Why were horses valued above all other beasts in the Byzantine Empire? How did ivory connect Portugal and West Africa? And how did mice betray adulterous lovers during the Aztec era?
Answers to these and other intriguing questions are revealed in the reimagined UCLA journal Viator, founded in 1971. Like almost all journals delving into the Middle Ages, Viator has previously focused almost exclusively on medieval Europe. However, the journal has now taken its explorations worldwide, examining that often-misunderstood era on a global level. It’s an evolution that reflects the pedagogic revolution that, in 2021, saw UCLA’s Center for Medieval and Renaissance Studies transform itself into the UCLA CMRS Center for Early Global Studies. While the reinvented Viator still examines Europe between the decline of Rome and the Renaissance, it’s also now exploring topics as diverse as Shogun-era Japan, the African rulers at Great Zimbabwe, Mogul traders and the 16th-century Mesoamerican illustrations known as the Florentine Codex.
“The very nature of academia is to rethink what we thought we knew,” says Matthew Fisher, associate professor in the UCLA Department of English and the journal’s new editor.
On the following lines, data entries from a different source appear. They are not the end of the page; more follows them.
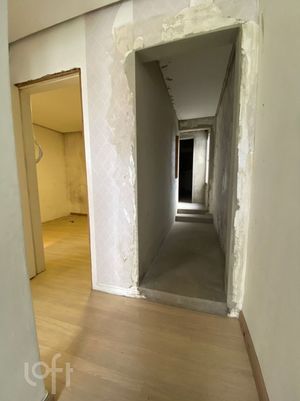Image 22 - 930589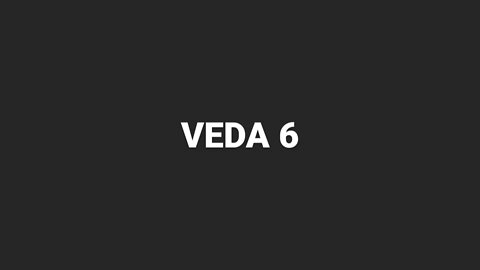 VEDA 6 - LH Nunes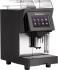 Nuova Simonelli Prontobar Touch 2 Grinder Tank black Кофемашины инструкция, поддержка, форум, описание, мануал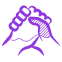 Problem Icon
Next year, Fisher will oversee a symposium on medieval literature, with books and manuscripts from around the world. “Rethinking medieval history, literature and culture has become urgent because of the racist distortion of European history, such as the right-wing appropriation of imagery from the Crusades as an all-white fantasy, when it was a lot more complex than that.”
The ideological challenge, the internet, and new dialogues among historians have, he says, “brought a new energy to the study of the medieval world.”